ProPublica’s Justin Elliott and NPR’s Laura Sullivan have published damning new exposés on the American Red Cross’ work in Haiti following the 2010 earthquake (ProPublica’s here; NPR’s here). The reporting not only validates much of the criticism previously leveled at the ARC for its questionable priorities, slow pace of spending and short list of accomplishments; it offers some stunning new revelations – some of them coming from internal ARC communications.

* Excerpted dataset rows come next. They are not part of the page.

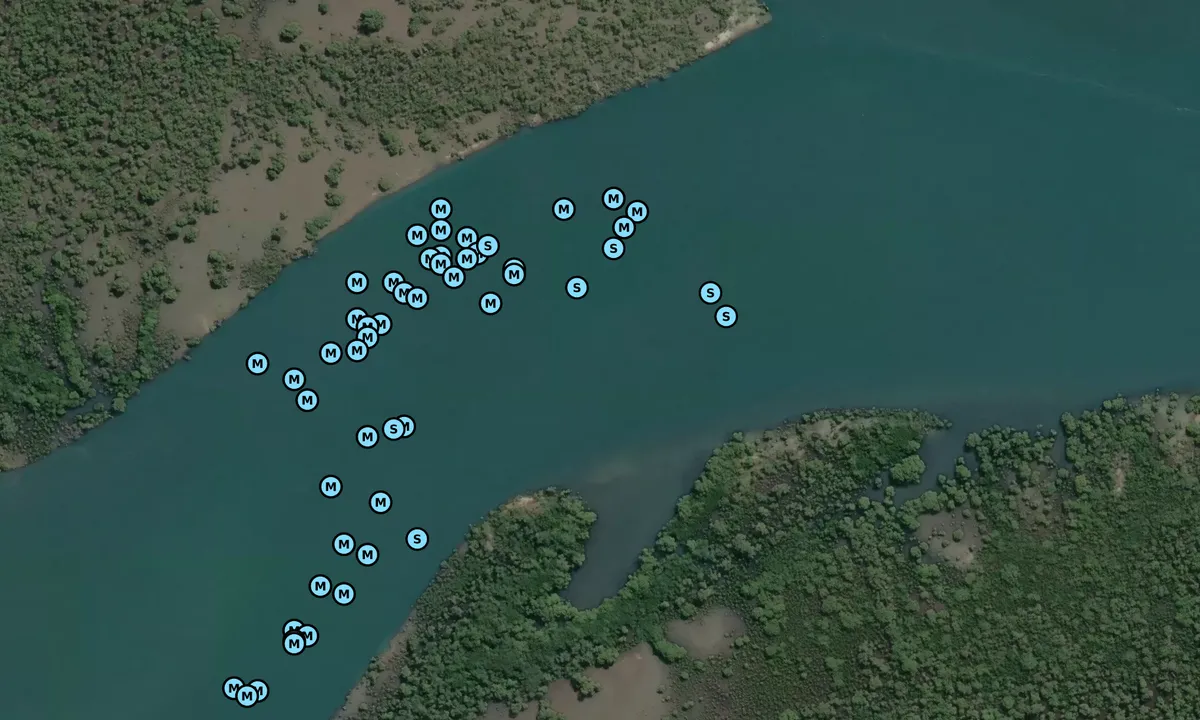 Satelite image of Perry's Hole 6mtr
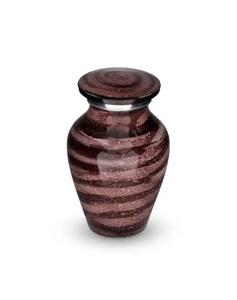 Urne artisanale en laiton doré pour cendres d'animal de compagnie Urne funéraire gravée de patte de style américain - Product Image 1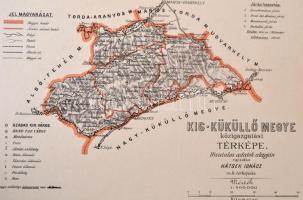 1880 Hátsek Ignác: A magyar szent korona országainak megyei térképei. Rajzolta: - -. Bp.,1880, Rautm...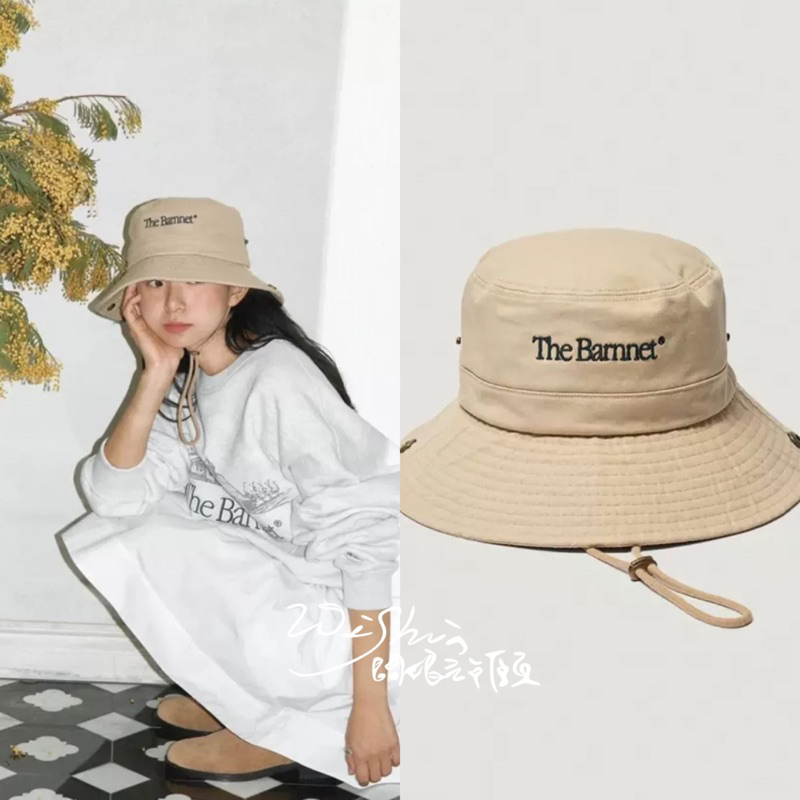 韓國回台🎉WISHIA闆娘許願韓國代購 The barnnet logo Safari Hat 品牌刺繡漁夫帽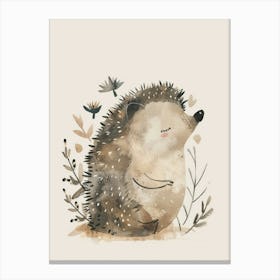 Charming Nursery Kids Animals Hedgehog 4 Canvas Print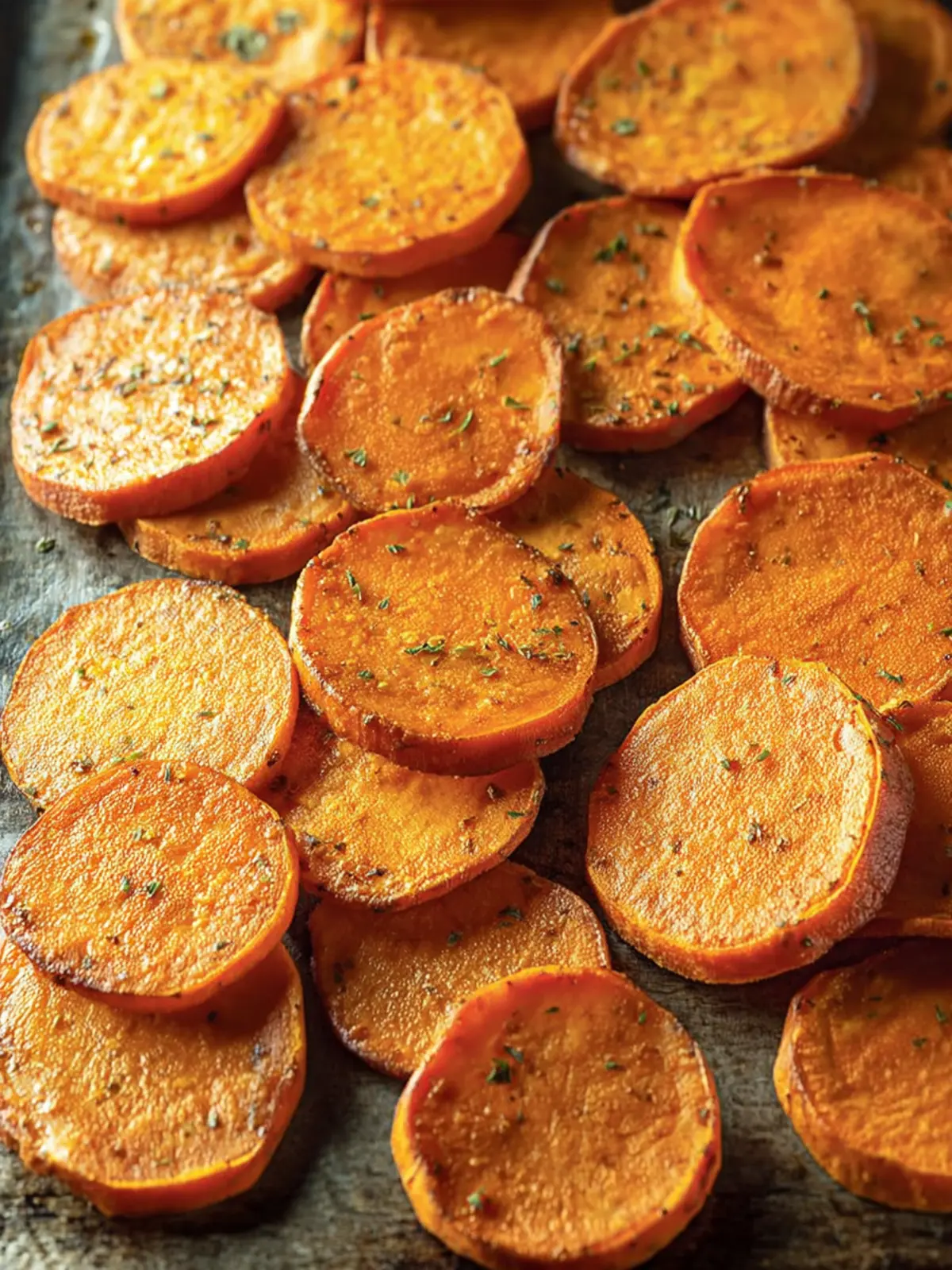 Easy Baked Sweet Potato Slices First Image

One of the clearest failures is embodied in the ProPublica article’s headline. While the ARC itself says that it spent 35 percent of its funds raised for Haiti on shelter, and that it “has helped 132,000 Haitians to live in safer conditions—ranging from providing temporary homes and rental subsidies to repaired and new homes,” it has, ProPublica and NPR report, delivered only six new, permanent houses.

The article begins:

In late 2011, the Red Cross launched a multimillion-dollar project to transform the desperately poor [neighborhood of Campeche], which was hit hard by the earthquake that struck Haiti the year before. The main focus of the program — called LAMIKA, an acronym in Creole for “A Better Life in My Neighborhood” — was building hundreds of permanent homes.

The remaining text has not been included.